4. **Historical Consistency**: How reliable is this pattern across different market regimes?

## Expected Analytical Outputs

### 📈 **Performance Metrics**
- Percentage of years with positive September returns
- Average forward returns for each time horizon (30/60/90 days)
- Success rates for positive forward performance
- Risk metrics including standard deviation and drawdown analysis

### 📊 **Statistical Summary**
- Complete descriptive statistics (count, mean, std, min, quartiles, max)
- Distribution characteristics of forward returns
- Comparison across different time horizons
- Identification of outlier years and extreme events

## Financial Market Context

### 🎯 **Practical Applications**
- **Seasonal Trading Strategies**: Evidence-based calendar effects
- **Portfolio Timing**: Tactical asset allocation decisions  
- **Risk Management**: Understanding forward-looking volatility patterns
- **Market Efficiency**: Testing weak-form efficiency in equity markets

### ⚠️ **Important Considerations**
- **Sample Size**: Long historical dataset provides statistical robustness
- **Market Regime Changes**: Results may vary across different economic periods
- **Transaction Costs**: Real-world implementation requires cost consideration
- **Overfitting Risk**: Historical patterns may not persist in future markets

---

## Methodology Notes

### 🔧 **Technical Implementation**
- **Date Handling**: Precise month-end calculations using pandas offsets
- **Missing Data**: Robust error handling for data gaps and market closures
- **Log Returns**: Mathematically correct compounding for multi-period analysis
- **Percentage Display**: User-friendly formatting for financial interpretation

### 📋 **Analysis Structure**
1. **Data Loading & Preparation**: Historical S&P 500 data processing
2. **Monthly Resampling**: Convert daily to month-end observations
3. **Positive Month Identification**: Filter for target month positive returns
4. **Forward Return Calculation**: Precise 30/60/90-day forward analysis
5. **Statistical Summary**: Comprehensive descriptive statistics
6. **Results Interpretation**: Financial and statistical significance assessment

---

*This analysis provides quantitative evidence for seasonal patterns in equity markets, contributing to the literature on calendar effects and market anomalies.
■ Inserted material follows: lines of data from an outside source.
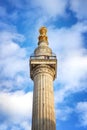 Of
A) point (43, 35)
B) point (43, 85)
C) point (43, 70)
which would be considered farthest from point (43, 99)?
point (43, 35)

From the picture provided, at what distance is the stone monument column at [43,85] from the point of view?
28.6 metres

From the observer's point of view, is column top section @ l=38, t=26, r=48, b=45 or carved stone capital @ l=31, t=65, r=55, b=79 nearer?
carved stone capital @ l=31, t=65, r=55, b=79

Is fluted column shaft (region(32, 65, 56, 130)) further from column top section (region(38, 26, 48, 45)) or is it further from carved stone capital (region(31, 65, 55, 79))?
column top section (region(38, 26, 48, 45))

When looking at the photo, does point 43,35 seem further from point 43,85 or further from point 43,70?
point 43,85

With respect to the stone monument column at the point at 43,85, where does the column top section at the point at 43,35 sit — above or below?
above

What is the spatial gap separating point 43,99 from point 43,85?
1.44 metres

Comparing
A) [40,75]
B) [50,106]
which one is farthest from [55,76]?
[50,106]

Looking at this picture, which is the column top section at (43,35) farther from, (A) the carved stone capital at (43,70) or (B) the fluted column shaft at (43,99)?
(B) the fluted column shaft at (43,99)

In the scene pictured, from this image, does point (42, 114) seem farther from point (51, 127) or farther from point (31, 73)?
point (31, 73)

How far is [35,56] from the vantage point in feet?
110

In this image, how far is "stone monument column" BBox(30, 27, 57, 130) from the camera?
28594mm

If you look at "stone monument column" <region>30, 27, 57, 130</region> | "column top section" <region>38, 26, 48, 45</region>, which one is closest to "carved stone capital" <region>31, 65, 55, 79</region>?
"stone monument column" <region>30, 27, 57, 130</region>

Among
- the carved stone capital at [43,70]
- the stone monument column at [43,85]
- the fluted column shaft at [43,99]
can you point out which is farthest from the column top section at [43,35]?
the fluted column shaft at [43,99]

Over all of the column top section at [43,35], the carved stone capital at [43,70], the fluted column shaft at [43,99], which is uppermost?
the column top section at [43,35]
Results should be interpreted within the context of overall portfolio strategy and risk management framework.*

In [52]:
import pandas as pd
import numpy as np
import matplotlib.pyplot as plt

import warnings
warnings.filterwarnings("ignore")

# Fix the path construction - use forward slashes or raw strings
import os

# Method 1: Use forward slashes (recommended)
path = os.path.abspath(os.path.join("..", "04_S&P500_quant_analysis", "01_data", "S&P500_D_1789-05-01_2025-09-17.csv"))

# Alternative Method 2: Use raw string
# path = os.path.abspath(os.path.join("..", r"04_S&P500_quant_analysis\01_data", "S&P500_D_1789-05-01_2025-09-17.csv"))

# Alternative Method 3: Use pathlib (modern approach)
# from pathlib import Path
# path = Path("..") / "04_S&P500_quant_analysis" / "01_data" / "S&P500_D_1789-05-01_2025-09-17.csv"

# print(f"Path exists: {os.path.exists(path)}")

# Read the CSV file
df = pd.read_csv(path)

# lower case column names for easier access
df.columns = [col.lower() for col in df.columns]

# Set the 'date' column as the index and convert it to datetime
df['date'] = pd.to_datetime(df['date'])
df.set_index('date', inplace=True)

# Show the first few rows of the dataframe
df.head()

Unnamed: 0_level_0,open,high,low,close,volume
date,Unnamed: 1_level_1,Unnamed: 2_level_1,Unnamed: 3_level_1,Unnamed: 4_level_1,Unnamed: 5_level_1
1789-05-01,0.51,0.51,0.51,0.51,0.0
1789-06-01,0.51,0.51,0.51,0.51,0.0
1789-07-01,0.5,0.5,0.5,0.5,0.0
1789-08-01,0.5,0.51,0.5,0.51,0.0
1789-09-01,0.51,0.51,0.5,0.51,0.0


In [53]:
# Calculate simple returns with pct_change()
df['simple_returns'] = df['close'].pct_change()

# Drop NA values that result from pct_change()
df.dropna(inplace=True)

# Show dataframe
df.head()

Unnamed: 0_level_0,open,high,low,close,volume,simple_returns
date,Unnamed: 1_level_1,Unnamed: 2_level_1,Unnamed: 3_level_1,Unnamed: 4_level_1,Unnamed: 5_level_1,Unnamed: 6_level_1
1789-06-01,0.51,0.51,0.51,0.51,0.0,0.0
1789-07-01,0.5,0.5,0.5,0.5,0.0,-0.019608
1789-08-01,0.5,0.51,0.5,0.51,0.0,0.02
1789-09-01,0.51,0.51,0.5,0.51,0.0,0.0
1789-10-01,0.51,0.51,0.51,0.51,0.0,0.0


In [54]:
# resample to monthly frequency, taking the last observation of each month for OHLCV
monthly_ohlcv = df.resample('M').agg({
    'open': 'last',
    'high': 'last',
    'low': 'last',
    'close': 'last',
    'volume': 'last'
})

# simple_returns for monthly data
monthly_ohlcv['monthly_returns'] = monthly_ohlcv['close'].pct_change()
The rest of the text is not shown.